[MATERIAL TO PROCESS — start]
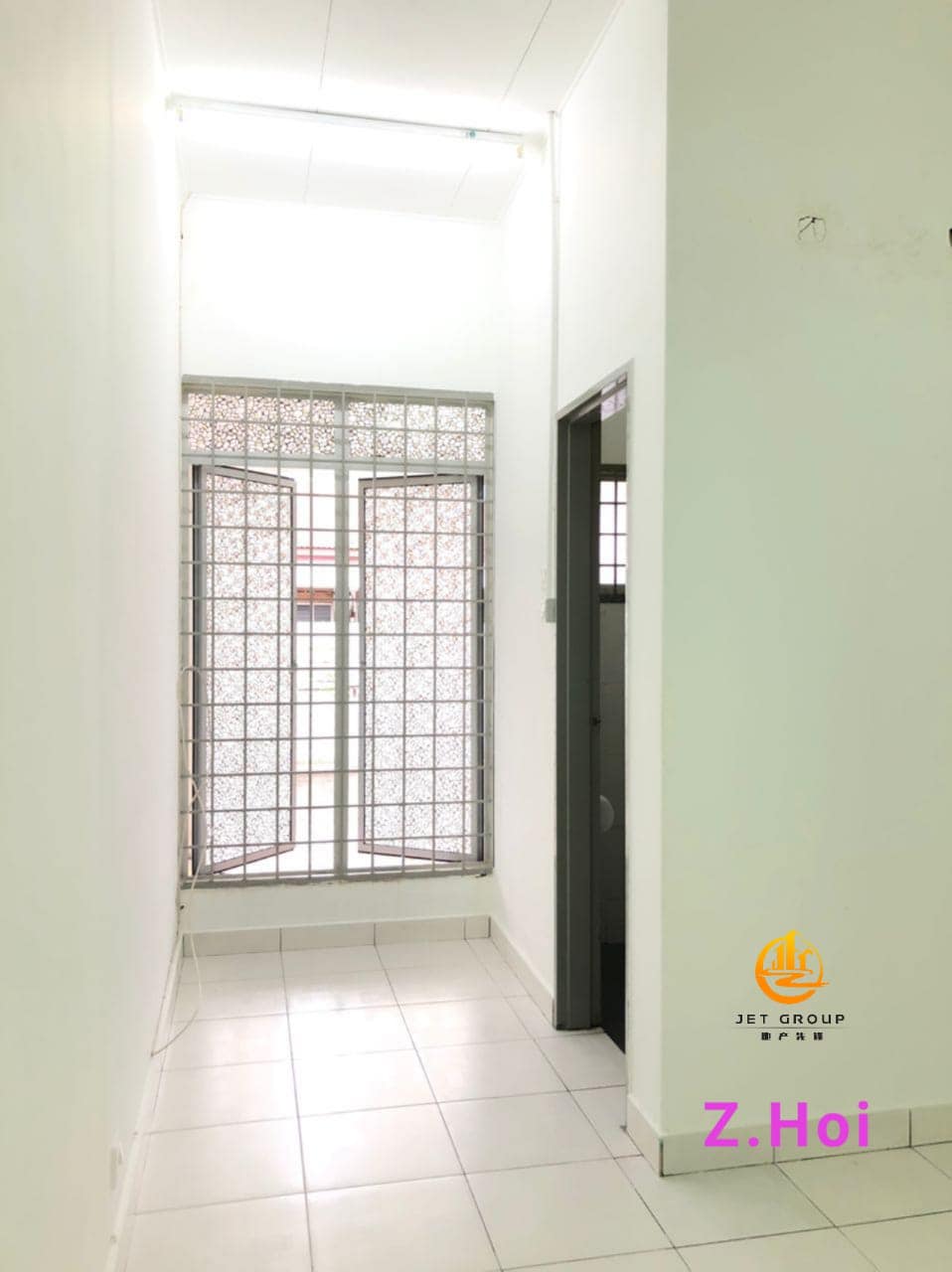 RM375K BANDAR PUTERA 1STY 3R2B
[MATERIAL TO PROCESS — finish]
[MATERIAL TO PROCESS — start]
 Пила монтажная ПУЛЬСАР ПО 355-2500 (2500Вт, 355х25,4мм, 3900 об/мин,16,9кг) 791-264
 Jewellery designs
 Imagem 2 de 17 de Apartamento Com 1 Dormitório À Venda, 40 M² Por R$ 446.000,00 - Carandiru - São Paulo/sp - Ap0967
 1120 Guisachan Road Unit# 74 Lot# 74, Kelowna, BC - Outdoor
[MATERIAL TO PROCESS — finish]
[MATERIAL TO PROCESS — start]
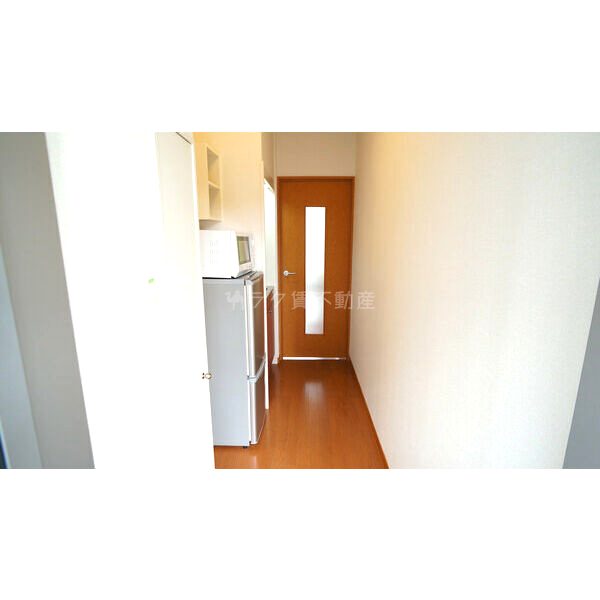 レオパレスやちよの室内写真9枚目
[MATERIAL TO PROCESS — finish]
Your answer should be the lines above, from the line containing "Imagem 2 de" up to and including the line containing "1120 Guisachan Road", reproduced exactly and with nothing else.

_EXPECTED ANSWER_:
 Imagem 2 de 17 de Apartamento Com 1 Dormitório À Venda, 40 M² Por R$ 446.000,00 - Carandiru - São Paulo/sp - Ap0967
 1120 Guisachan Road Unit# 74 Lot# 74, Kelowna, BC - Outdoor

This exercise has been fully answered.